Apple explains, probably more politely than I would have in their place, why it doesn’t make sense to repatriate $100 billion in foreign profits to the U.S.:

As a result of its international success, Apple has accumulated significant amounts of cash outside the US. As described in greater detail below, Apple carefully manages this foreign, post-tax income to support its foreign operations through a corporate structure that protects and promotes the interests of its shareholders. Current US corporate income tax law severely discourages the use of these funds in the US by imposing a 35% tax on repatriation.
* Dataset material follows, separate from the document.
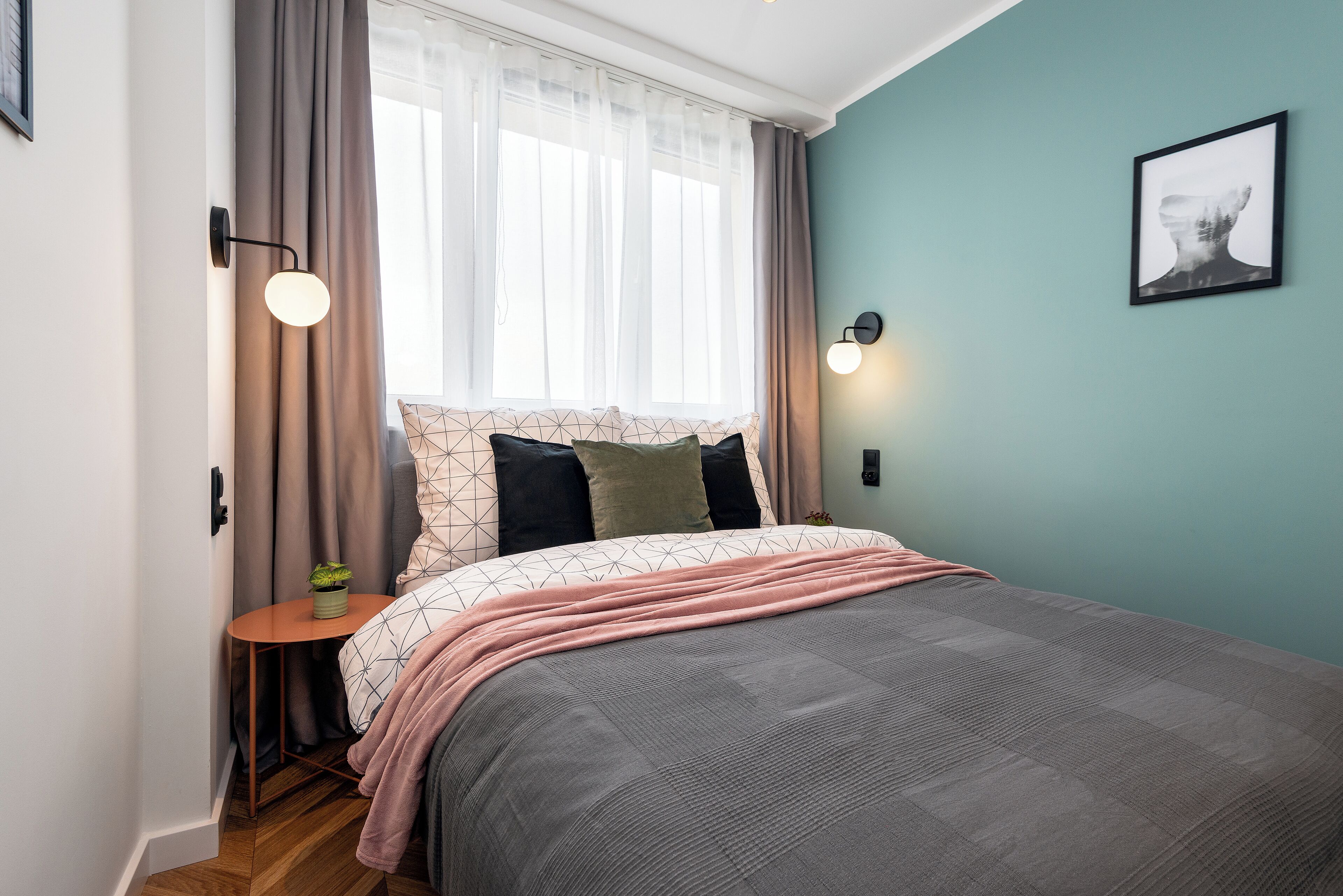 A bedroom with a bed, a bedside table with a lamp, a window with curtains, and a wall-mounted light fixture.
Apple’s statement is worth reading in its entirety. It addresses in detail questions that have been asked about Apple Operations International and its Irish subsidiaries. But Apple, appropriately, didn’t make a final point that I would add: I don’t want Apple to pay corporate income taxes, certainly no more than is absolutely necessary. Apple is a far better and more efficient institution than the U.S. government. Apple’s money will do far more good for humanity if Apple spends it, than if the government spends it. To the extent that the government taxes Apple’s profits, it mostly wastes the money on regulatory agencies that depress economic growth, a Department of Justice that has run amok, moronic entitlement programs, and so on. Far better if Apple keeps its money and invests it in R&D and other operations, both here and abroad.

So let’s hope Tim Cook stands up to the bullies when he testifies tomorrow.